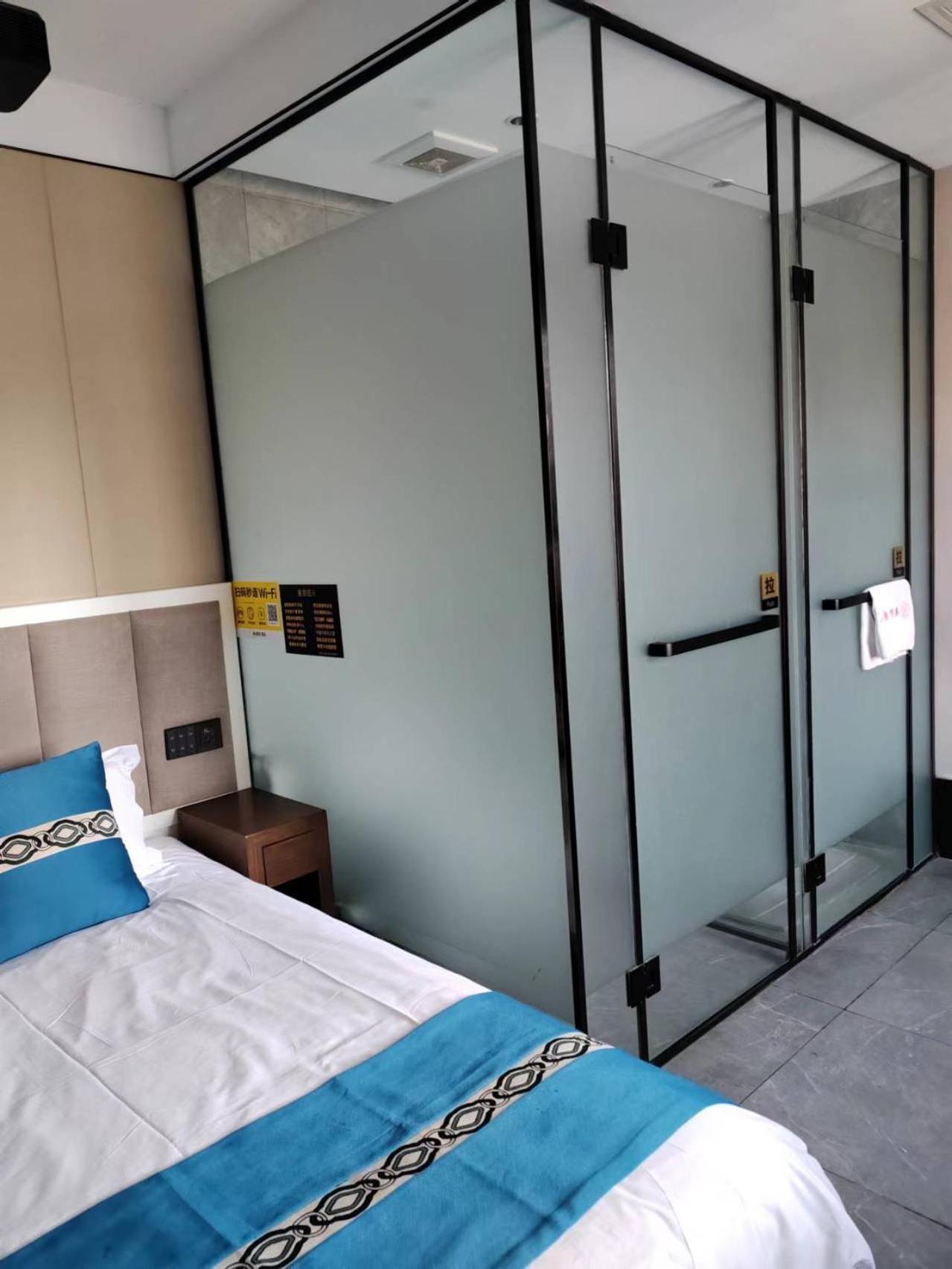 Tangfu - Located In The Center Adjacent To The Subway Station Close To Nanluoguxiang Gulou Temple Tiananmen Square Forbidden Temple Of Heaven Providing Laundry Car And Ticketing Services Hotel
----
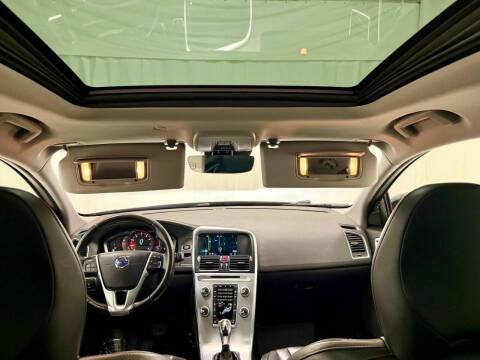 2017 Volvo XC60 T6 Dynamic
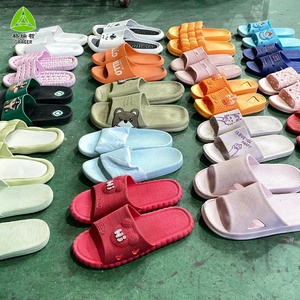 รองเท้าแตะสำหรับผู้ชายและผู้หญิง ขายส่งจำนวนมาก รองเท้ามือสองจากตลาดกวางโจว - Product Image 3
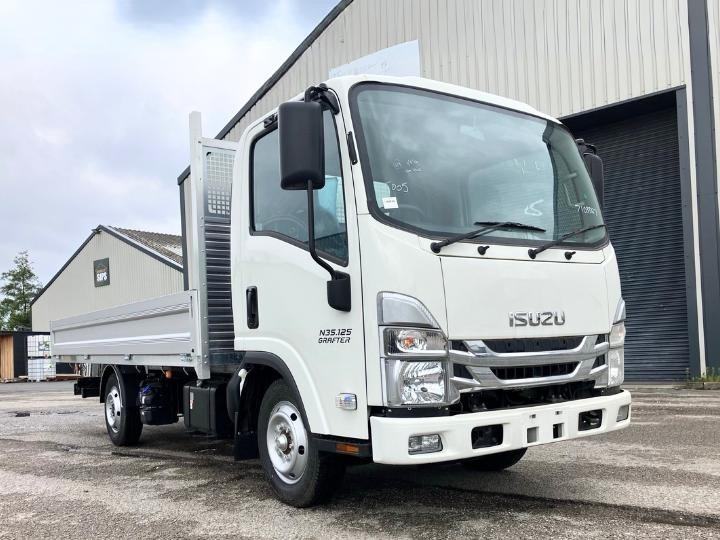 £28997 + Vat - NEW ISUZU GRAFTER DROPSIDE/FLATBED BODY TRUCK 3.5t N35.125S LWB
----
# [Your goal]
Using the data above, output the line that has "2017 Volvo XC60 T6 Dynamic", the line that has "3.5t N35.125S LWB", and whatever lines fall between, each exactly as it stands and without pictures.

# [Answer to the exercise]
 2017 Volvo XC60 T6 Dynamic
 รองเท้าแตะสำหรับผู้ชายและผู้หญิง ขายส่งจำนวนมาก รองเท้ามือสองจากตลาดกวางโจว - Product Image 3
 £28997 + Vat - NEW ISUZU GRAFTER DROPSIDE/FLATBED BODY TRUCK 3.5t N35.125S LWB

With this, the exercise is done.